1er septembre 2015, Miguelle Benrubi

médecin généraliste, centre de santé intégré Hélios

Après avoir travaillé longtemps dans un quartier excentré et populaire de Liège, Miguelle Benrubi est depuis bientôt deux ans médecin généraliste dans une maison médicale située au centre-ville. Ce changement modifie le cadre de sa pratique et la confronte à de nouvelles histoires de vie : belle occasion pour s’arrêter, faire le point, porter un regard neuf sur une pratique longue de dizaines d’années. Regards sensibles sur de vieilles dames inquiètes de voir le temps passer.

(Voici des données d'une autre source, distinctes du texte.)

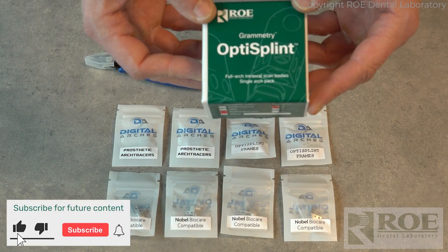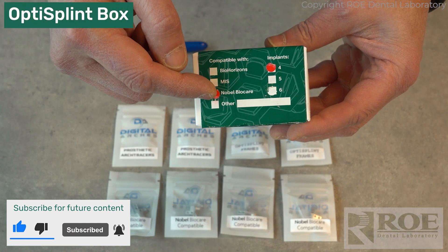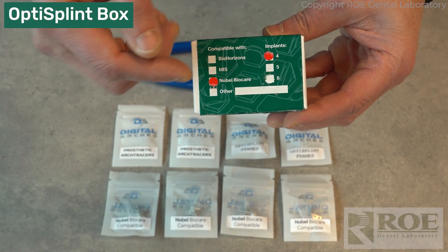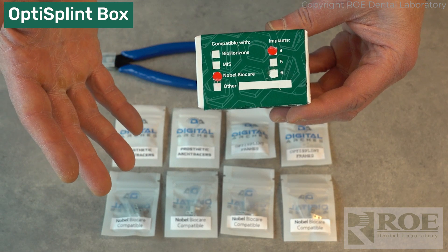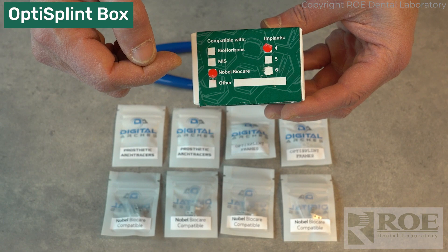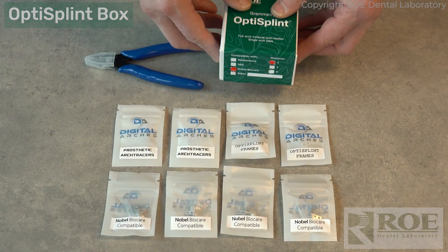What is in a Grammetry OptiSplint kit? This particular case has Nobel for four implants, and what that means is that the OptiSplint, which fits Nobel multi-unit abutments, is set up for a unigrip screw because it's Nobel and it's for four sites. That's how you confirm what's in the box.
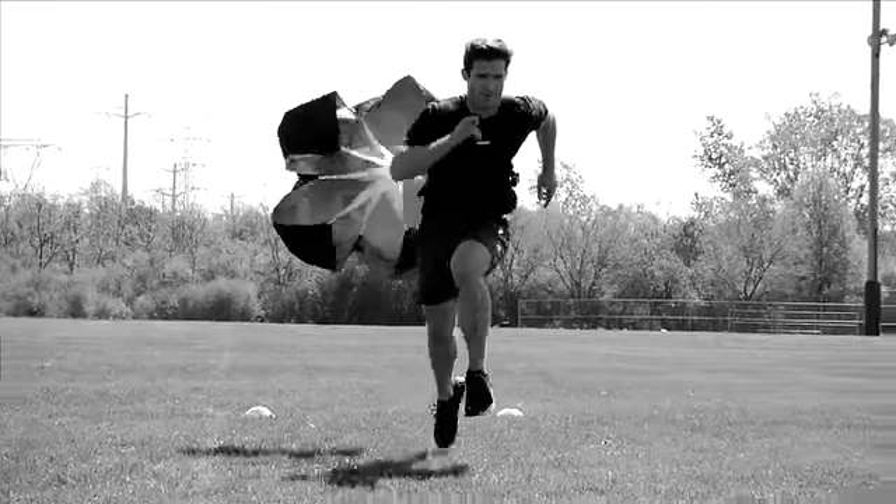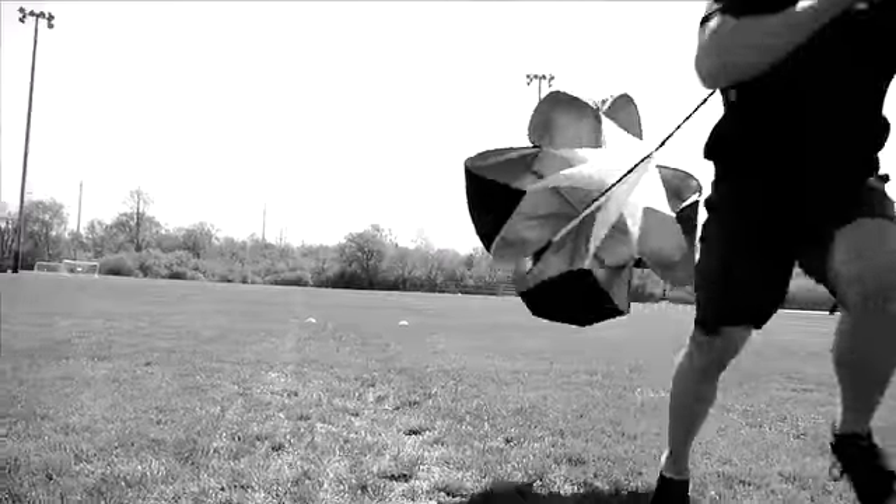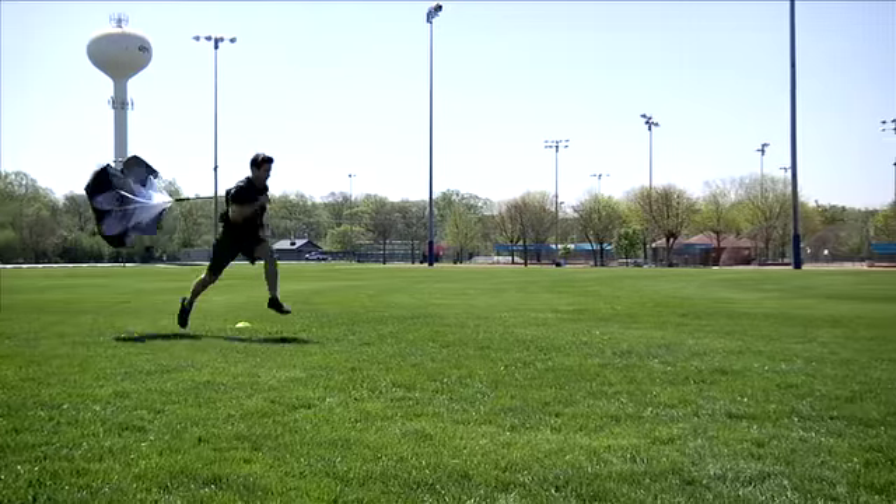Bounding consists of oversized strides used in the running action with extra time spent in the air. On each step, drive your knee for height and maintain hang time in the air.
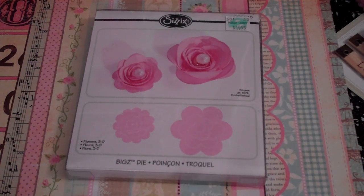Hey everyone, it's Marissa here and I have a project share that I wanted to show you guys today. I was able to get in the craft room and do some crafting.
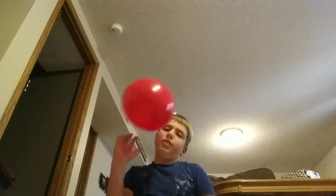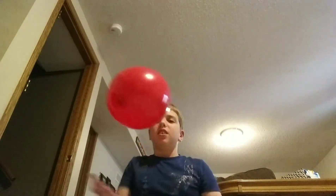I'm looking at you guys, I'm not looking at the balloon. Well, I mean, I can see the balloon in the camera, so it doesn't make it too hard, because I can still see the balloon in the camera. Whatever.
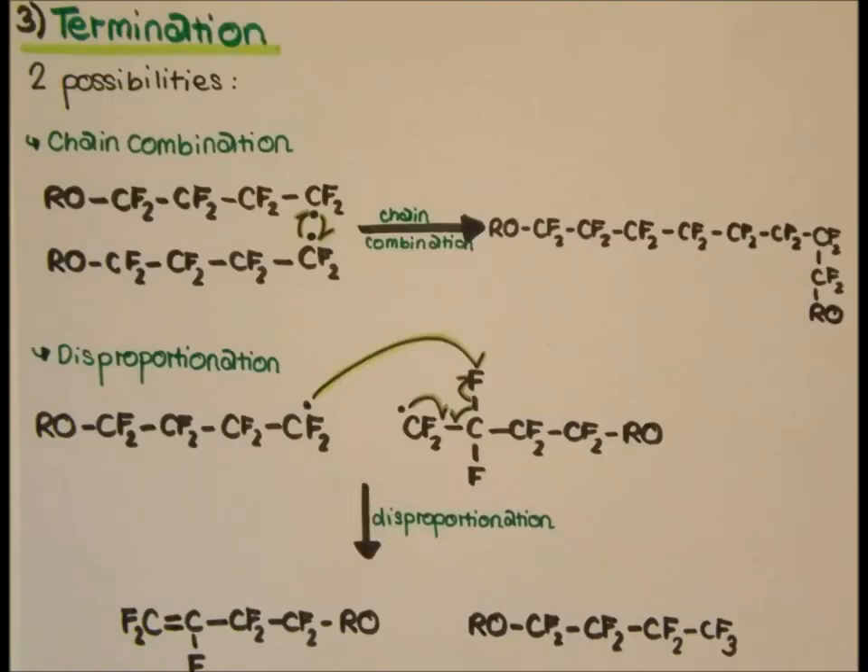Termination is the ending of the radical chain growth through either chain combination or disproportionation. In chain combination, two reactive radicals on different chains react, which forms a bond. In the much rarer disproportionation, the reactive radical abstracts an atom from the polymer chain, so one chain is reduced to an alkane whilst the other is oxidised to an alkene.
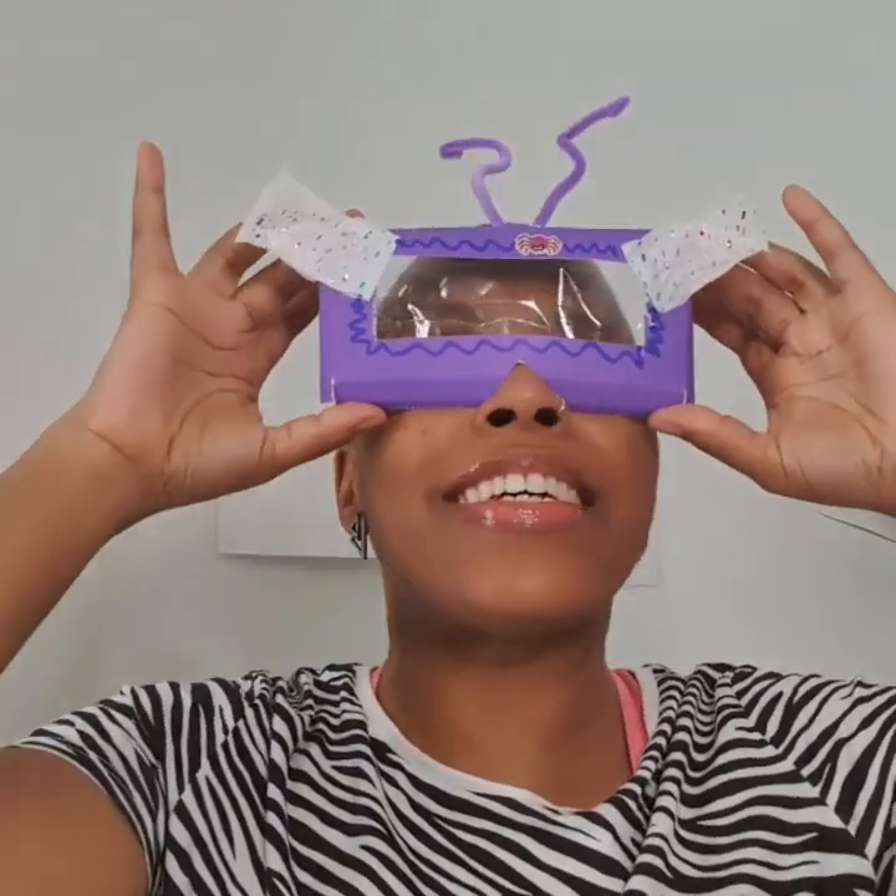Hope you enjoyed that as much as I did. Now let's go on an adventure. Where will you be going? It's all in the imagination. As soon as you put on your virtual reality mask, let it take you away to wherever your mind can think of. The possibilities are endless. Have a happy day. Bye bye.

Après avoir travaillé longtemps dans un quartier excentré et populaire de Liège, Miguelle Benrubi est depuis bientôt deux ans médecin généraliste dans une maison médicale située au centre-ville. Ce changement modifie le cadre de sa pratique et la confronte à de nouvelles histoires de vie : belle occasion pour s’arrêter, faire le point, porter un regard neuf sur une pratique longue de dizaines d’années. Regards sensibles sur de vieilles dames inquiètes de voir le temps passer.

Des rencontres singulières

Au centre de Liège, la population est très mélangée. Les studios meublés, loués à un prix bien trop élevé par des vendeurs de sommeil peu scrupuleux, côtoient les appartements de standing dans des immeubles qui longent la Meuse et les grands boulevards. Chaque jour, des personnes jusque-là inconnues, reflet socio-culturel de cette population bigarrée, poussent la porte du centre  ; elles viennent s’inscrire (au forfait), à la recherche d’un médecin généraliste et d’une équipe de soins. Elles entrent «  par hasard  », attirées par la nouvelle enseigne ou conseillées par un proche. Ou bien, elles sont recommandées par l’une ou l’autre association.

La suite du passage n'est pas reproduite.